Task prompt:
Would you copy the records exactly, leaving the pictures out?

Data provided:
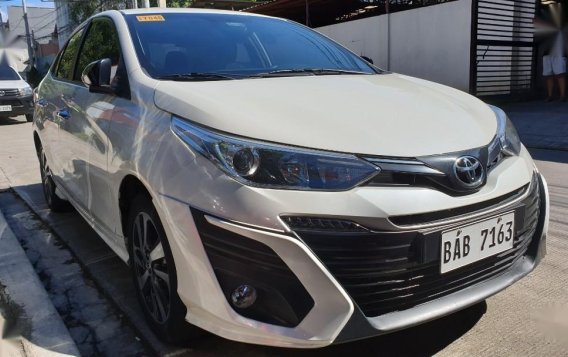 Pearlwhite Toyota Vios 2019 for sale in Quezon City -1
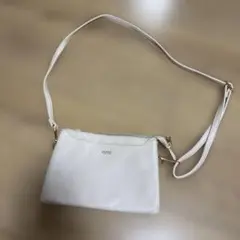 OZOC ホワイト ショルダーバッグのサムネイル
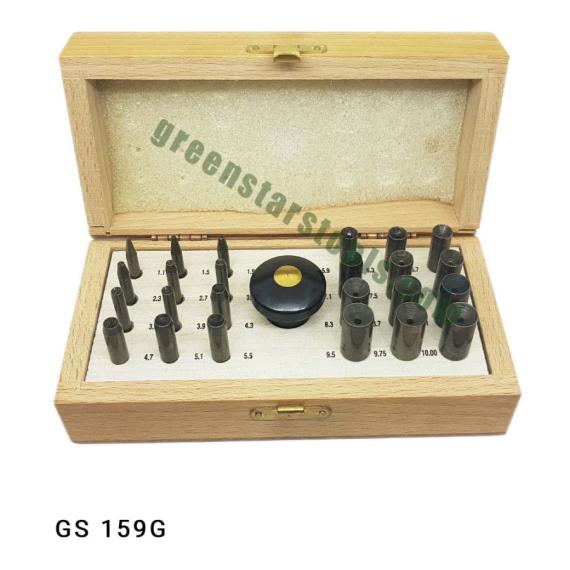BEZEL SETTING BOX WITH 24 PUNCHES
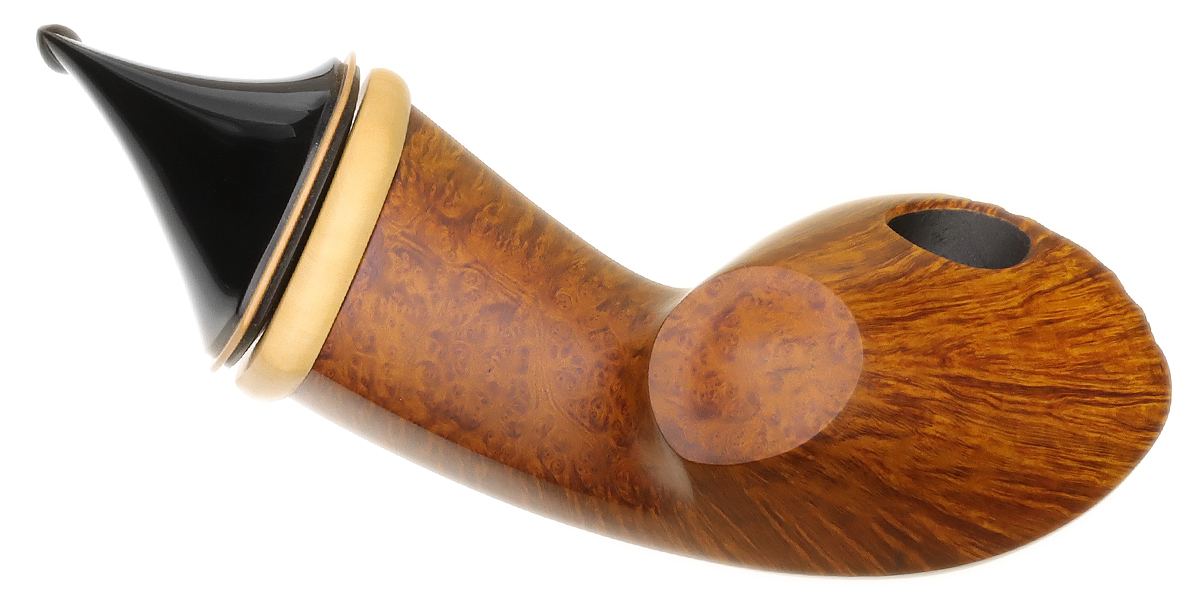 Ray Kurusu Smooth Blowfish with Boxwood (Owl)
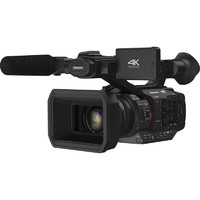 Panasonic 松下 HC-X2/X20 专业手持高清摄像机4K60P慢动作20倍光学变焦 会议直播 HC-X20 标配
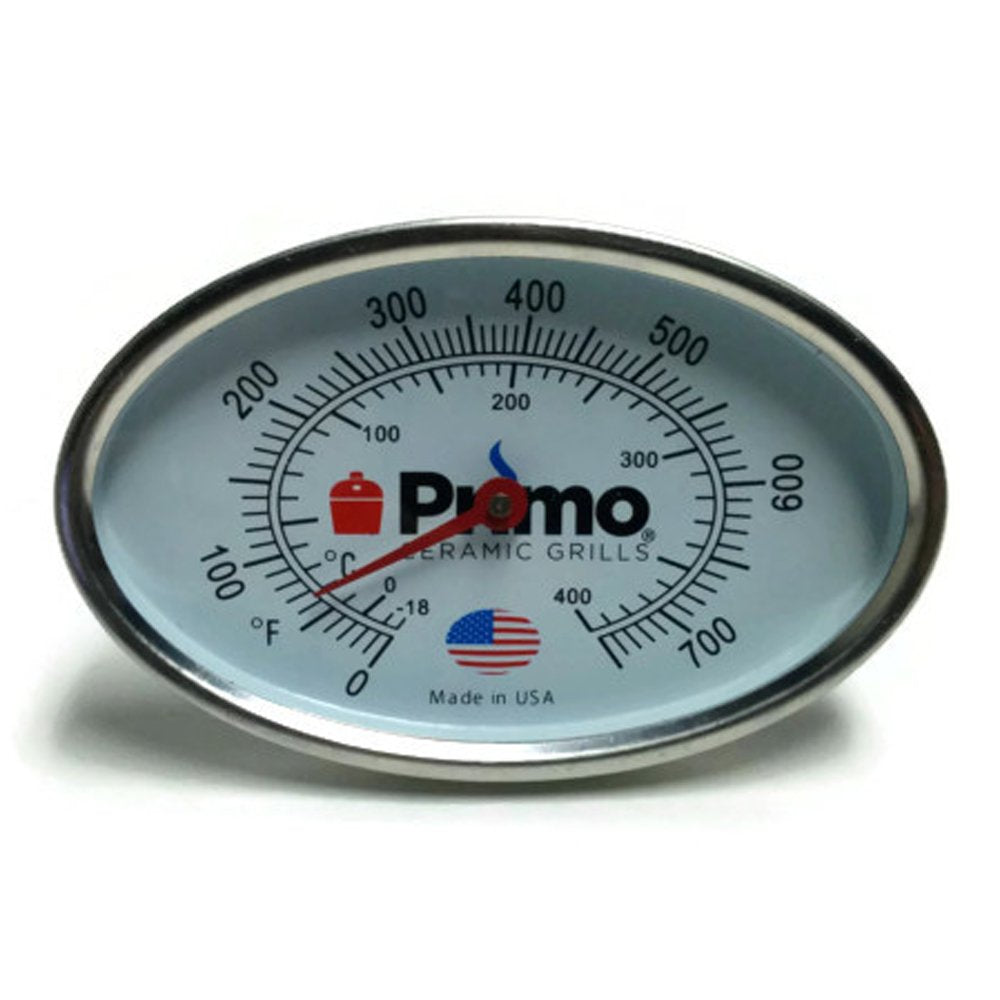 Primo front bezel view showing larger dial and easy reading benefit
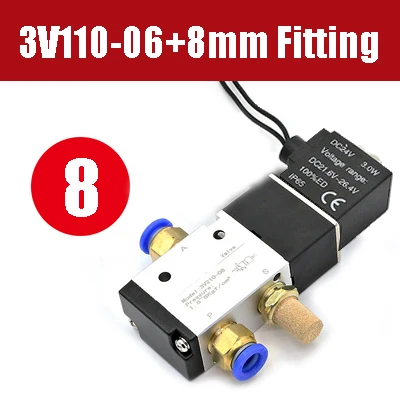 Motore E Componenti Motore BIlinli DC5v 6V Elettrovalvola A Solenoide A Due Vie Con Controllo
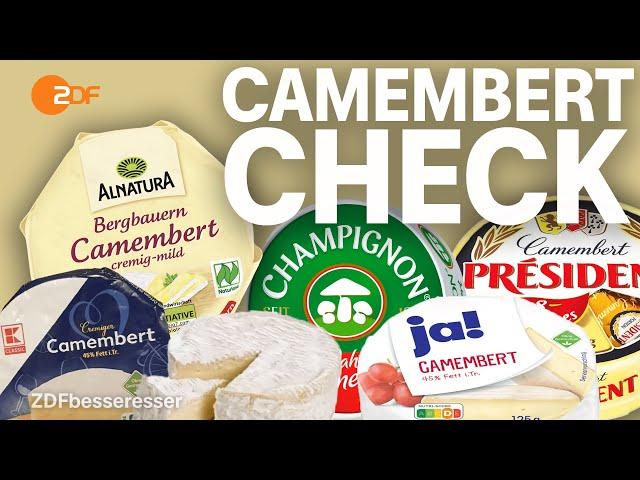 Käse Kampf: Dieser Camembert schneidet im Vergleich am besten ab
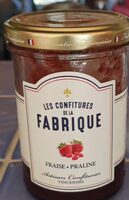 Confiture fraise praline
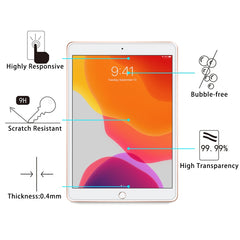 2 PCS para iPad 10.2 2021/2020/2019 9H Pelíc...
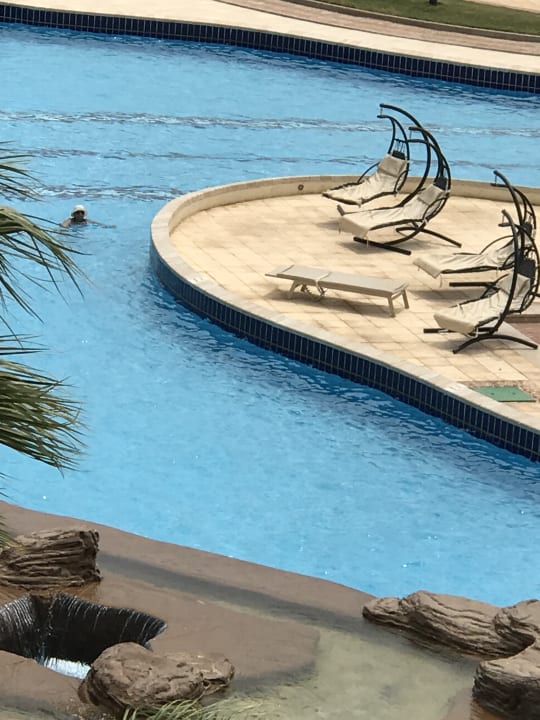 Gartenanlage Steigenberger ALDAU Beach Hotel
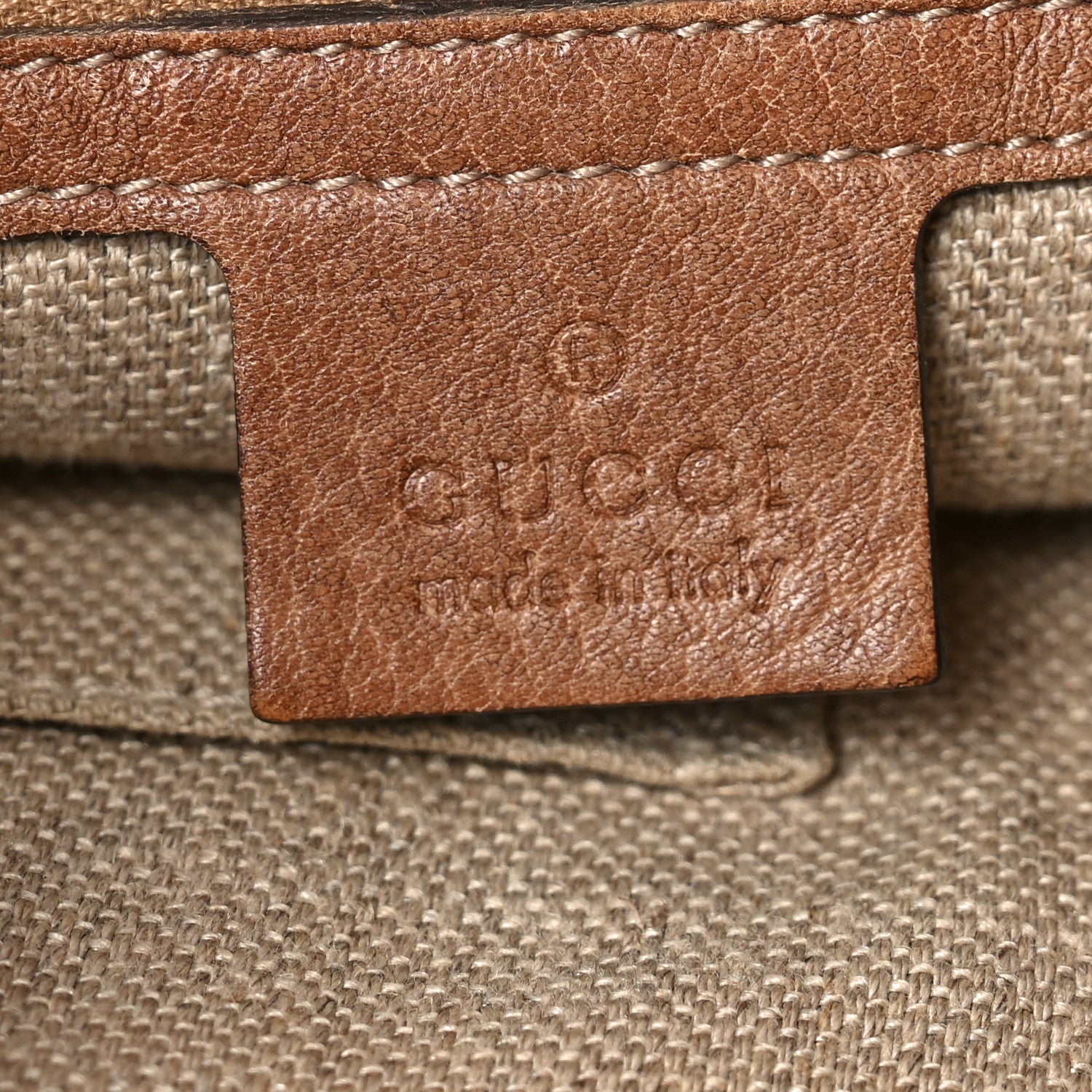 Gucci Guccissima Old Libeccio Large New Jackie Hobo Old Naturale 6 of 10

Response for this exercise:
 Pearlwhite Toyota Vios 2019 for sale in Quezon City -1
 OZOC ホワイト ショルダーバッグのサムネイル
BEZEL SETTING BOX WITH 24 PUNCHES
 Ray Kurusu Smooth Blowfish with Boxwood (Owl)
 Panasonic 松下 HC-X2/X20 专业手持高清摄像机4K60P慢动作20倍光学变焦 会议直播 HC-X20 标配
 Primo front bezel view showing larger dial and easy reading benefit
 Motore E Componenti Motore BIlinli DC5v 6V Elettrovalvola A Solenoide A Due Vie Con Controllo
 Käse Kampf: Dieser Camembert schneidet im Vergleich am besten ab
 Confiture fraise praline
 2 PCS para iPad 10.2 2021/2020/2019 9H Pelíc...
 Gartenanlage Steigenberger ALDAU Beach Hotel
 Gucci Guccissima Old Libeccio Large New Jackie Hobo Old Naturale 6 of 10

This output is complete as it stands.